Today, much is made of the differences that we experience in our visible worlds. Borders, physical attributes, wealth disparities, and differences in music, dance, fashion, and language are all being amplified. In the worst light they serve as dividers. If you are this, then you can’t be that. Divisions in our invisible world are harder to see. They are after all, unseen. However, they do exist. They show up in our holding to a stagnant views of human personality. If I am introverted, then I can never possibility enjoy the company of people. Meanwhile, the extrovert can never enjoy solitude. Therefore, the introvert and the extrovert will always be distant from one another in their ability to relate. Of course, this exaggeration is comical, but makes a point. Few things in the experience of being human are that hardened. They can be, but they can also soften, and transform.
In both our worlds the broadest common context that we all share is that of life. Our individual experiences of life, of course, do differ. However, common context gives us the opportunity to enter relating with one another with empathy. We have a shared starting point, no matter how small it may seem. The more we recognize the common context, the easier the entering.
There is an important nuance here. I’m not talking about common experience. I’m talking about common context. Context is the frame in which an experience happens. The experience is the stuff an individual encounters, takes in, and takes away, from a particular event. Our experiences are rarely common. Even if the circumstances are the same, what we take on and take away from them can be drastically different. Common context however reaches past the details of experience towards the broader frame. The broader the frame, the more possibility of having something in common with someone else.
Stepping into Someone’s Shoes
When stepping into someone else’s shoes, empathy does not begin at having shared life circumstances. It begins in having a common context that allows for shared experiences of life. A six-year-old losing their favorite toy and a grown adult losing an elderly family member are not the same experiences. They are not even the same kinds of loss. They are, however, both experiences of loss. The adult can begin to empathize with the child, and vice versa. Another example is frustration with authority. That is something shared by many teenagers and adults alike, although often on account of different situations. If given the opportunity, both may begin to see the others perspective. Common context is not the fruition of empathy. It is a way into its earliest beginnings.
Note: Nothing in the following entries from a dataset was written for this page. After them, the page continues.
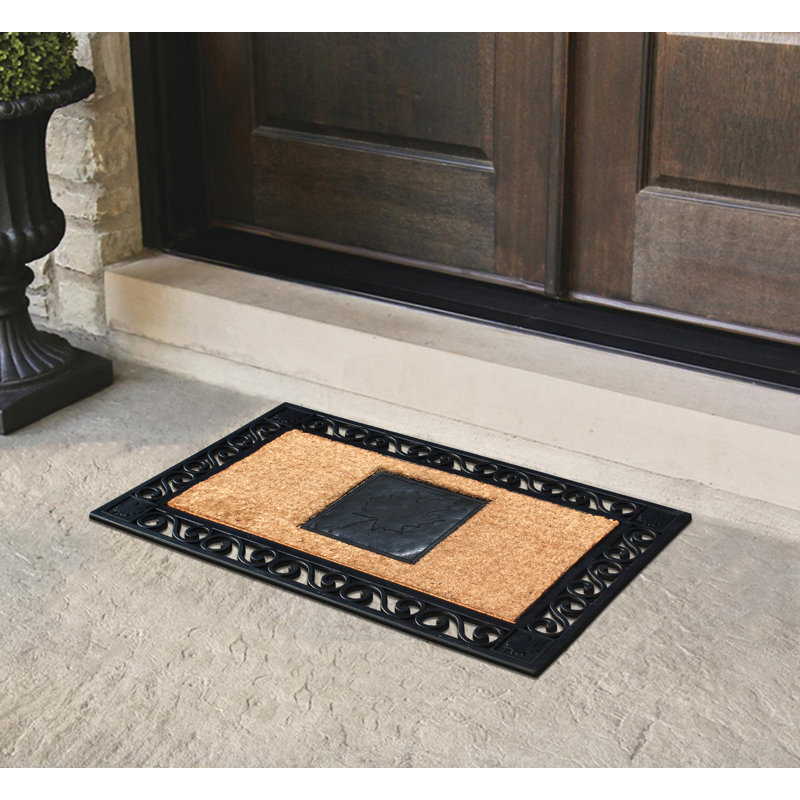 Tapis d'extérieur antidérapant en fibre de coco et caoutchouc 38 po x 23 po Evie-Louise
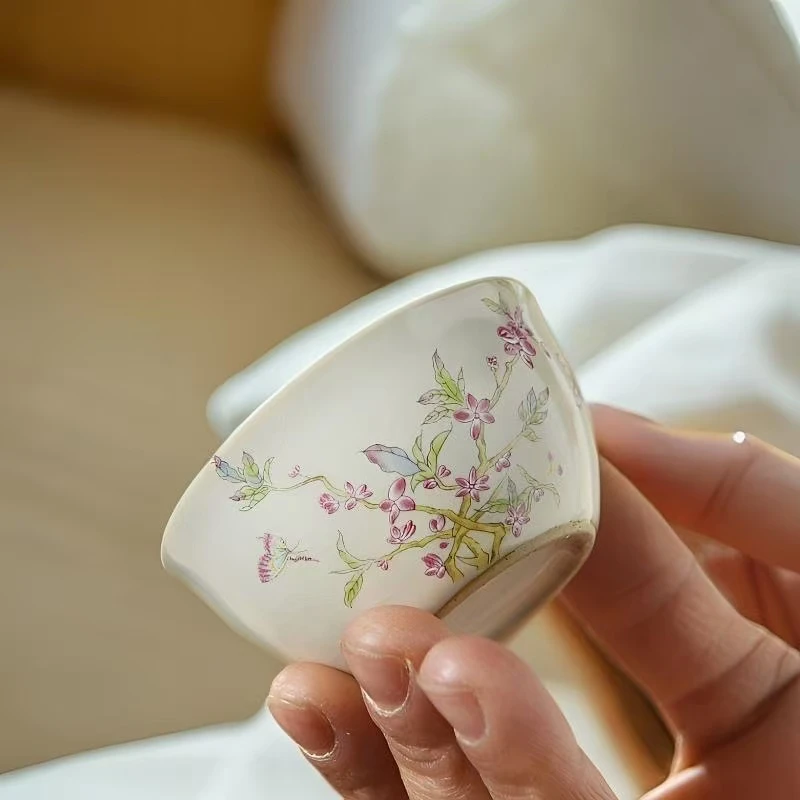 陶瓷轻奢精致中式复古桃花小茶杯品茗杯单杯
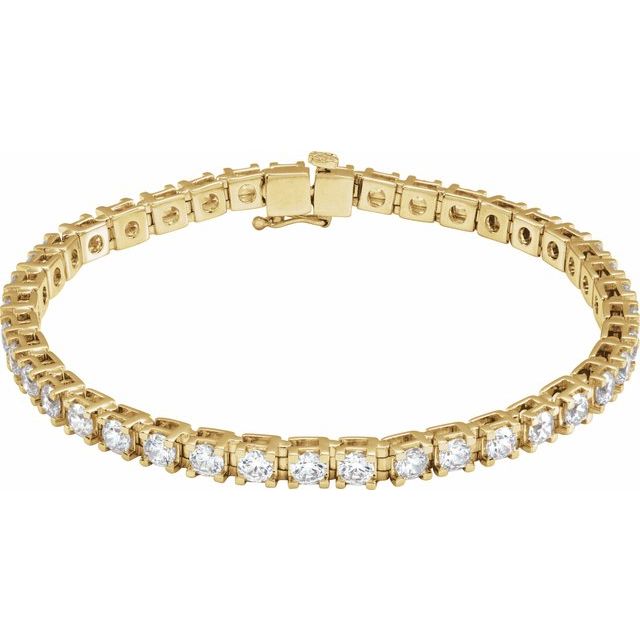 14K Yellow Gold, 7.25" 1 CTW Natural Diamond Line Bracelet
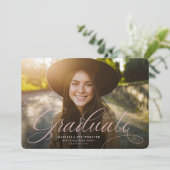 Eenvoudig script afstuderen gouden roze afstuderen aankondiging (Staand voorkant)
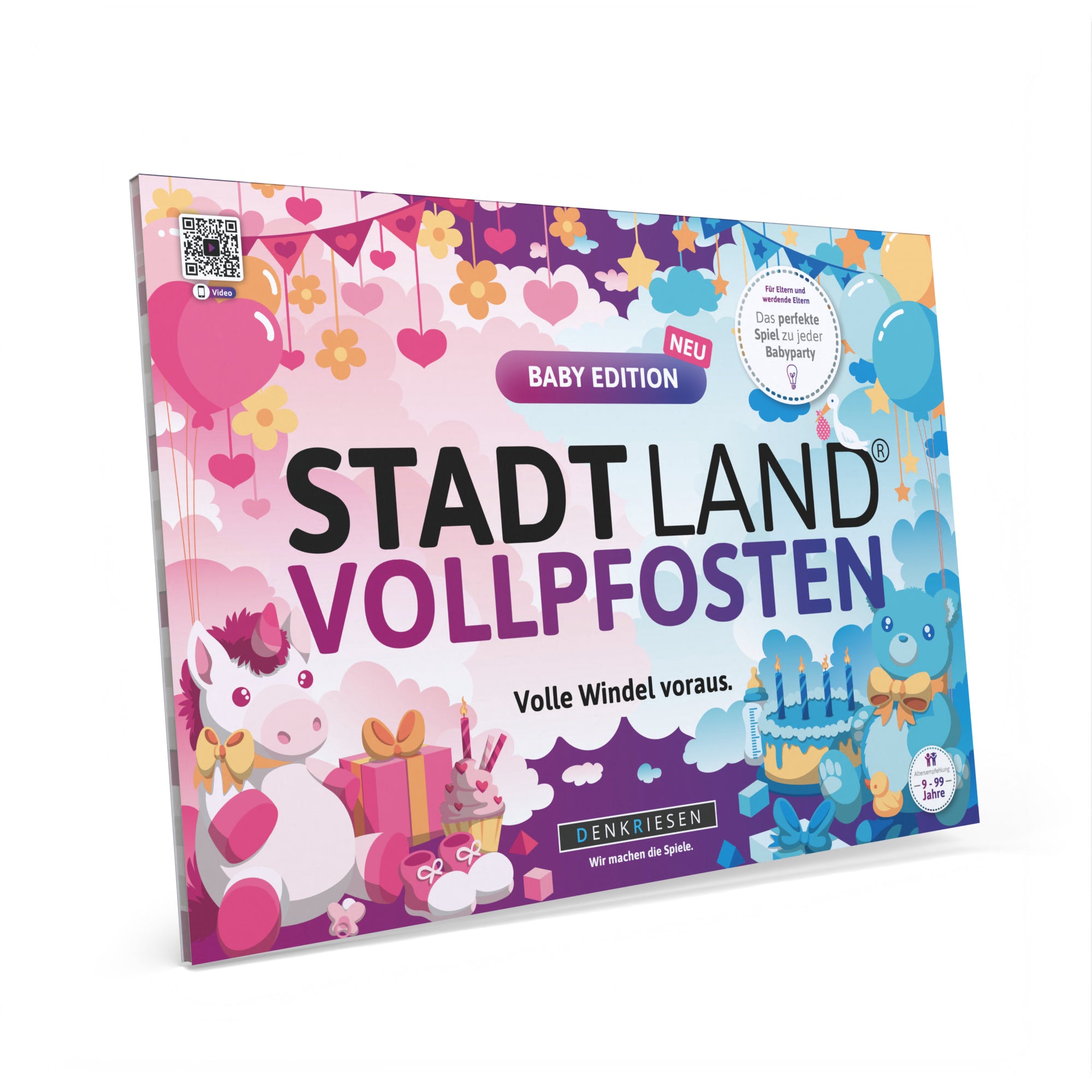 Stadt Land Vollpfosten® Baby Edition – "Volle Windel voraus." | A4 Spielblock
The human context that allows for loss, joy, frustration, giddiness, curiosity, peace, anger, fulfillment, rest, and anxiety is something that we share. The unique responses to life can be seen as contexts of the inner life of a human being. They are also shared, despite the different circumstances that instigate them. These shared contexts are doors of entry into the world of another person. We share the ideas of loss, frustration, giddiness, etc. We can use them as points of connection to overcome the differences that would otherwise separate us.
By ending this article here, it feels as if the idea is horribly incomplete. Common context is not a magic bullet, nor is it tool that is sufficient by itself. Used without care, it can close the space between two people too quickly and minimize someone’s individual experience. When it comes to empathy, it is important at all times to be learning from whomever we are relating with. Common context doesn’t do that for us, but it might help us get to a point where we can more readily.